Example assertion (poi_changed_path_floor, fast lane):

poi = build_points_of_interest(
    changed_paths={"src/widget.cpp"},
    risk=RiskRules.from_dict({"src/**": 0}),   # mis-weighted: zero weight
    pattern_triggers=[], baseline=None, candidate=snap,
)
assert any(p.path.endswith("widget.cpp") for p in poi.items)   # floor holds

Acceptance: both suites green in the fast lane (Python only, synthetic snapshots — no compiler); integrity_unlinked_source_evidence additionally asserts the rendered report names the failed boundary class.

7. Sequencing rationale¶

Land compiler-free, high-payload cases first so the catalog grows without an external-tool dependency while exercising genuinely-new code paths:

Phase 0 (enabling) — unblocks everything; no behavior change.
Phase 2 crosschecks — highest ADR-035-thesis payload, buildable as synthetic AbiSnapshot pairs today.
Phase 1 audit — single-artifact, smallest fixtures, immediate value.
Phase 3 POI/integrity — strongest "sources guide sources" narrative but depends on the Phase 0 scan-plan assertion surface.
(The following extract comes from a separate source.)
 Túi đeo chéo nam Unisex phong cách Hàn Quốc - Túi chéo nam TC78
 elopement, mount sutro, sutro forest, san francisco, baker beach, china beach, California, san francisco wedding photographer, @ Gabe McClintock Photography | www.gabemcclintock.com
Each phase is independently shippable behind its own PR; Phase 0 is the only hard dependency.

8. Risks & mitigations¶

Catalog count churn. Adding 9 catalog cases moves the doc-count-sync headline and examples/README.md distribution. Mitigation: regenerate via scripts/gen_examples_docs.py in the same commit; never hand-edit the generated regions.
FP-rate creep. New crosscheck kinds firing on healthy libraries. Mitigation: every positive case ships a clean negative counterpart; corpus baseline stays 0/0; nothing gates until the FP-rate gate trusts the check.
castxml flakiness on case147/case149 live-replay. Mitigation: prefer the Flow-2 abicheck_inputs/ pack (no live frontend) for everything except the depth-ladder case that must demonstrate a real compiler pass; mark live cases integration and wire ABICHECK_MIN_EXECUTED.
Schema drift. v4 fields out of sync across the three test readers. Mitigation: additive-only fields, defaulted; one shared loader; CI runs test_example_autodiscovery + test_evidence_tiers + test_abi_examples.

9. Use-case tracking¶

Add planned entries to docs/development/usecase-registry.yaml under a new gap G20, one per phase (G20.1 / G20.2 / G20.3), each cross-referencing the G19 engine entry and the ADR-035 decision it demonstrates (D2/D4/D7/D8).

10. Relationship to existing work¶

G19 / ADR-035 — consumes the engine G19 shipped; no detector or policy change. buildsource/crosscheck.py, poi.py, risk.py, service.run_scan are used as-is for every case except one scoped reporting/plumbing task (§3.3): extending _layers_from_coverage to carry the D4 integrity counters onto ScanResult so the rendered report (not just an internal object) shows them. Tracked as the single engine touch in this plan; all other cases assert against existing objects.
tests/test_crosscheck.py — the _snap(**kw) synthetic-snapshot + _coverage/_findings_of helpers Phase 2/3 reuse directly.
tests/test_pattern_audit_scenarios.py — the model for the test-only scenario suites.
G11 single-binary audit — Phase 1 audit cases extend its surface tooling (surface-report, scan --audit).
scripts/evidence_tiers.py — already maps all eight kinds; Phase 0 only adds L5 to the accepted min_evidence set.
scripts/check_ai_readiness.py — examples-ground-truth, examples-readme-sync, doc-count-sync, changekind-detector, changekind-docs gate every new catalog case.